The state staff interviewed for this case study report that their leadership places high importance on quality assurance and the use of data to make policy decisions, and, therefore, has invested in the IM4Q program.  The IM4Q program is woven into Pennsylvania’s quality monitoring and assurance programs.  For example, data from the EDE and Considerations are entered into the state’s HCSIS.  This ensures that individual needs are addressed by case managers and allows a larger systemic view of trends and need areas.  This process led to the identification of a lack of access to communication.  Access to communication became an area of focus based on the state’s quality assurance program.  Other areas of focus have been making sure people who desire to register to vote have an that they then get to vote; the unauthorized opening of a person’s mail does not occur; an promoting the employment of people with disabilities.

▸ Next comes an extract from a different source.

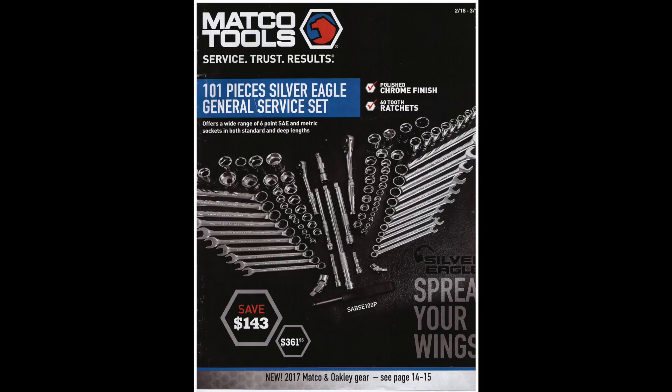Hello everyone, Dylan with the HD Perspective here. I've got the Matco Tools flyer and I'm going to go through it to see if they have any good deals. I'll also post any alternative tools that I might find useful in the description below.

Framework Domain: Process  

The CFIR developers identify the “process” domain as the most challenging domain in implementation science to evaluate due to several theories on implementation that range across topics including total quality improvement and management, integrated support, complexity theory, and organizational learning (Dramschroder et al., 2009).  The CFIR framework focuses on four constructs that are commonly found, either explicitly or implicitly, in a range of theories and frameworks:  1) Planning, 2) Engaging, 3) Executing, and 4) Evaluating.

Planning:  The level of advanced planning for intervention is positively associated with the success of the intervention. 

The IM4Q has been in place for nearly two decades.  Planning consists of preparations for the annual monitoring surveys.  Because the systems and processes are in place and challenges are addressed as needed, this is a strength area for the IM4Q.  One example of this is the recognition that communication about the IM4Q to potential participants and their families needs to be tailored to address both the change in technology (such as cell phones versus landlines), the increasingly diverse population, and helping people who live in individualized settings understand why participation is of value to them.

Executing:  To determine the components essential to the fidelity of the IM4Q, the essential components were identified as:

  • The independent and local nature of the IM4Q interviewing process. Every person interviewed identified this as a key component of the program that should be maintained.
  • In-person interviews that were conducted by teams of people that included people with disabilities and/or family members.
  • The Considerations process that allowed for opportunities to address quality of life issues at the individual level.

Reflecting and Evaluating: 

The IM4Q process has a steering committee comprised of stakeholder groups that meets quarterly to review the IM4Q process, findings, and to address challenges that are identified through regular meetings with AEs, local coordinators, and technical assistance.  In addition, there is an IM4Q Management Committee that addresses and advises on operational aspects of IM4Q.